Everything in the data gets repeated exactly, except for the pictures.

RECORDED DATA:
____
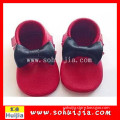 Yiwu factory wholesale dubai soft leather cheap red bow flat baby shoes for girl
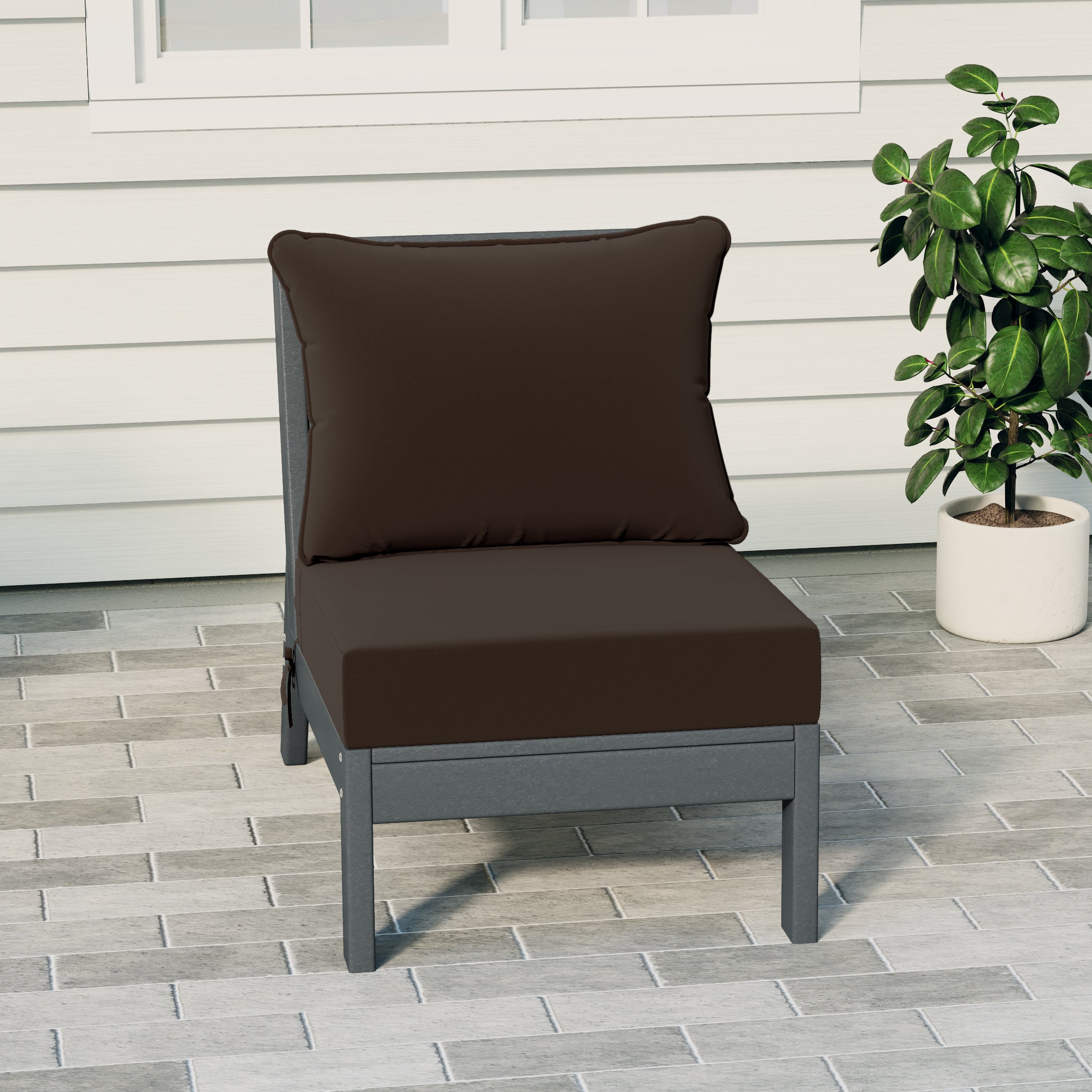 Portsmouth Modern Outdoor HDPE Patio Armless Sectional Corner Club Chair with Deep Seat Cushions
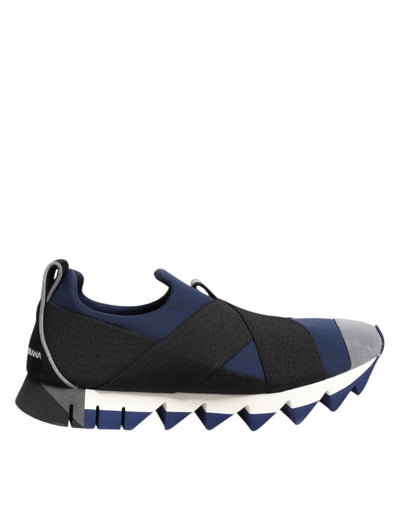 Dolce & Gabbana Blau Schwarz Slip On Low Top Männer Turnschuhe Schuhe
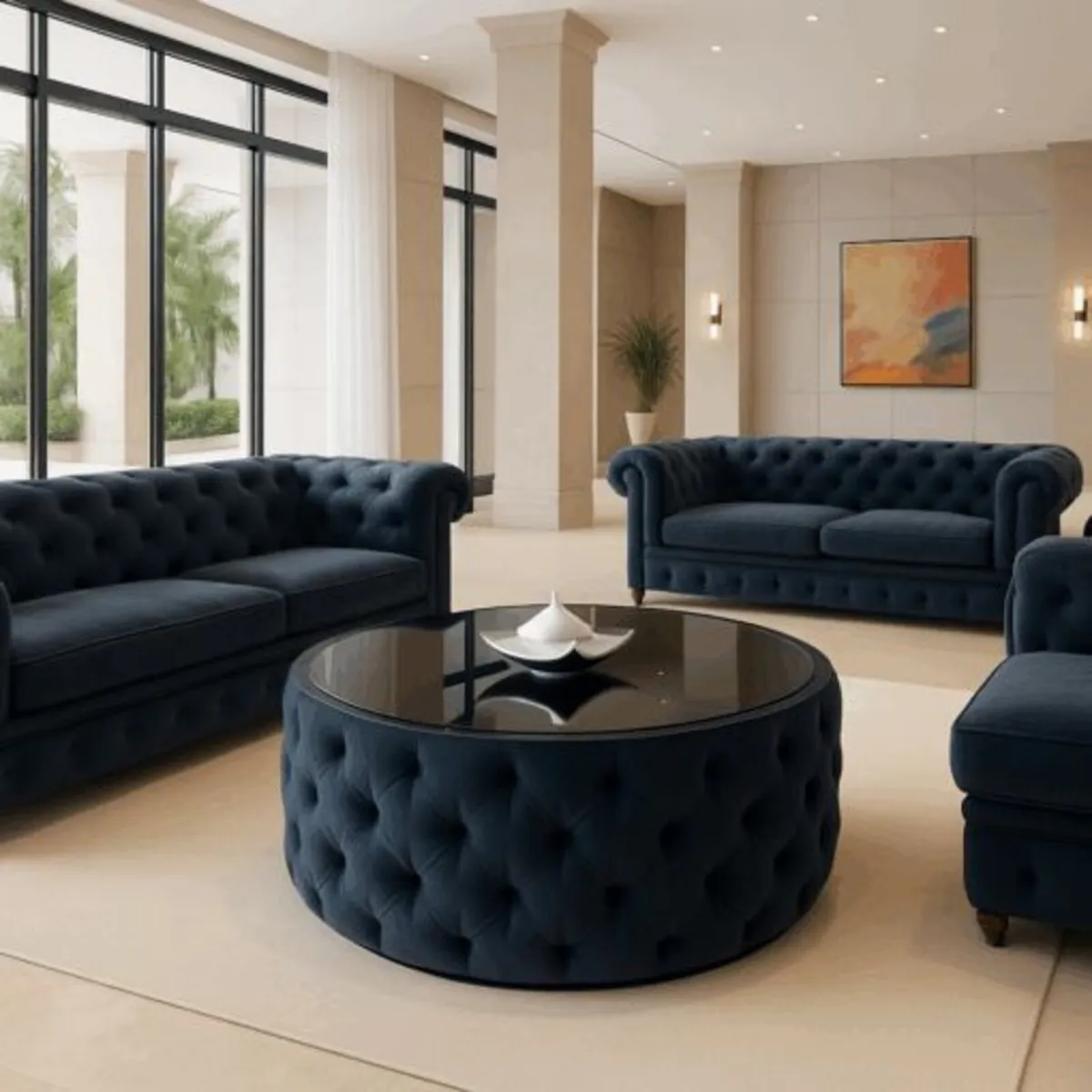 Velvet Button Round Coffee Table 60cm - Image 4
____
ANSWER BOX:
 Yiwu factory wholesale dubai soft leather cheap red bow flat baby shoes for girl
 Portsmouth Modern Outdoor HDPE Patio Armless Sectional Corner Club Chair with Deep Seat Cushions
 Dolce & Gabbana Blau Schwarz Slip On Low Top Männer Turnschuhe Schuhe
 Velvet Button Round Coffee Table 60cm - Image 4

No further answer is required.